[Given data Boundary: Start]

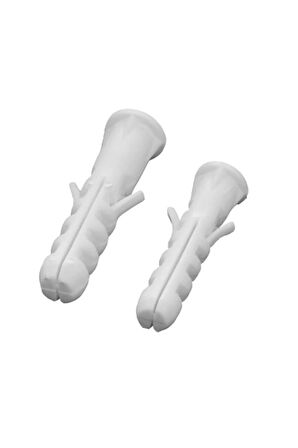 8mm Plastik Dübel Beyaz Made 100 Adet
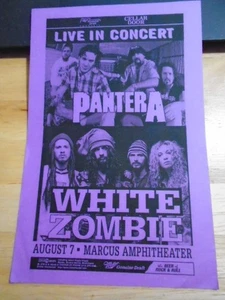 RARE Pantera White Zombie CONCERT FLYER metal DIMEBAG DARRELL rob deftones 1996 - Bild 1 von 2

[Given data Boundary: End]
[Given data Boundary: Start]

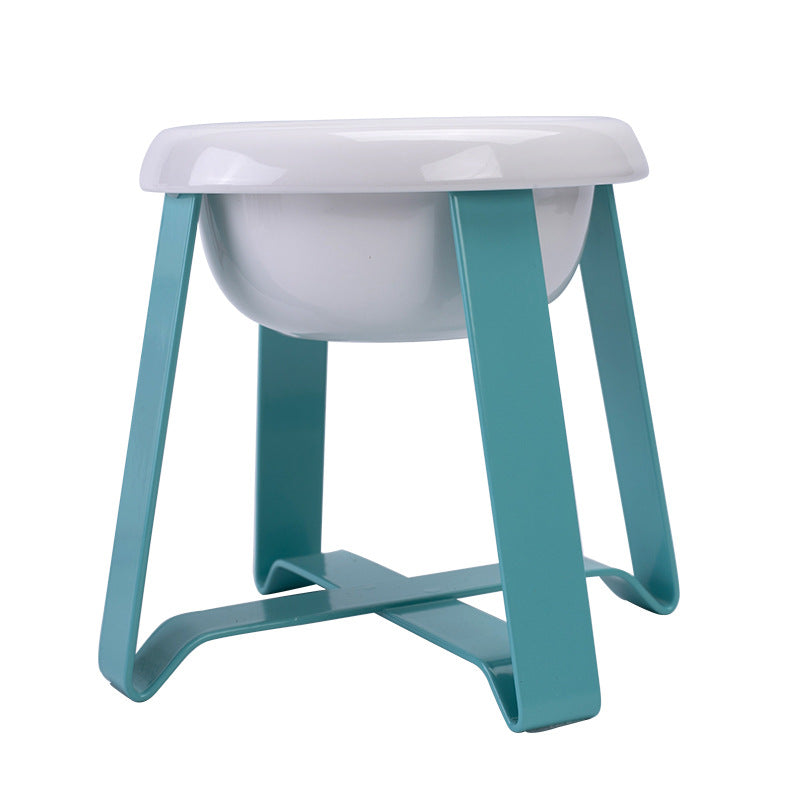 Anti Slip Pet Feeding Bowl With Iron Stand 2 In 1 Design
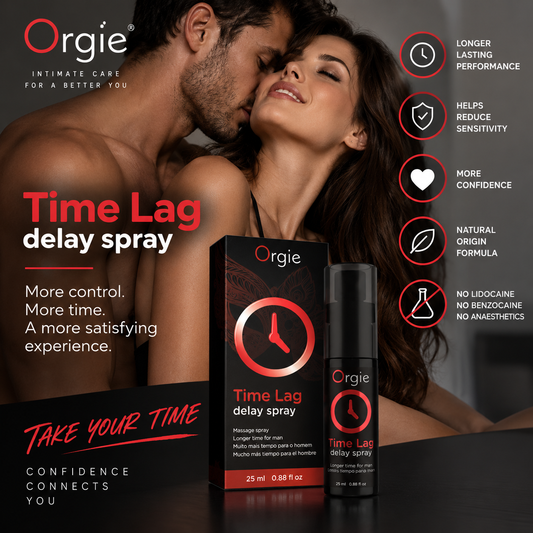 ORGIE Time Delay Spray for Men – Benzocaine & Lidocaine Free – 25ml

[Given data Boundary: End]

### Exercise directions
All that is wanted is the lines above between the one containing "Anti Slip Pet" and the one containing "ORGIE Time Delay", inclusive, restated word for word, with pictures omitted.

### Written answer
 Anti Slip Pet Feeding Bowl With Iron Stand 2 In 1 Design
 ORGIE Time Delay Spray for Men – Benzocaine & Lidocaine Free – 25ml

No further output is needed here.